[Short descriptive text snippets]
^^^^^^^^
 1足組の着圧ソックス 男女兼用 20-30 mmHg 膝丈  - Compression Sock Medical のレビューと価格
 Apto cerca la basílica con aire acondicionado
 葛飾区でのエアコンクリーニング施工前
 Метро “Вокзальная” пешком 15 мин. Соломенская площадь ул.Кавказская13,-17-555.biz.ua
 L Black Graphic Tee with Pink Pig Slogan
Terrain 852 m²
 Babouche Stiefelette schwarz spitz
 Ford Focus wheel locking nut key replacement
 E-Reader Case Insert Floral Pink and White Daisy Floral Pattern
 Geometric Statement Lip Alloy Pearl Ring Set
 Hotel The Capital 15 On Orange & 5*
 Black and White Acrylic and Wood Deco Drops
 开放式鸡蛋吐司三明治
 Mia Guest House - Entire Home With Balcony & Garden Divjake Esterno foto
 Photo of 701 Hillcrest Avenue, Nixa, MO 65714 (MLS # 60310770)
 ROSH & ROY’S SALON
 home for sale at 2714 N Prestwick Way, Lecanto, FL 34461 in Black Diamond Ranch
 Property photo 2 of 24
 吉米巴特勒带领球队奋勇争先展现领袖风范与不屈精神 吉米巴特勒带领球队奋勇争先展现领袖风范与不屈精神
^^^^^^^^
◆ ACTIVITY:
Using the entries above, return exactly the lines from the line with "Geometric Statement Lip Alloy Pearl Ring Set" to the line with "Mia Guest House", counting both of those lines.

◆ WRITTEN RESPONSE:
 Geometric Statement Lip Alloy Pearl Ring Set
 Hotel The Capital 15 On Orange & 5*
 Black and White Acrylic and Wood Deco Drops
 开放式鸡蛋吐司三明治
 Mia Guest House - Entire Home With Balcony & Garden Divjake Esterno foto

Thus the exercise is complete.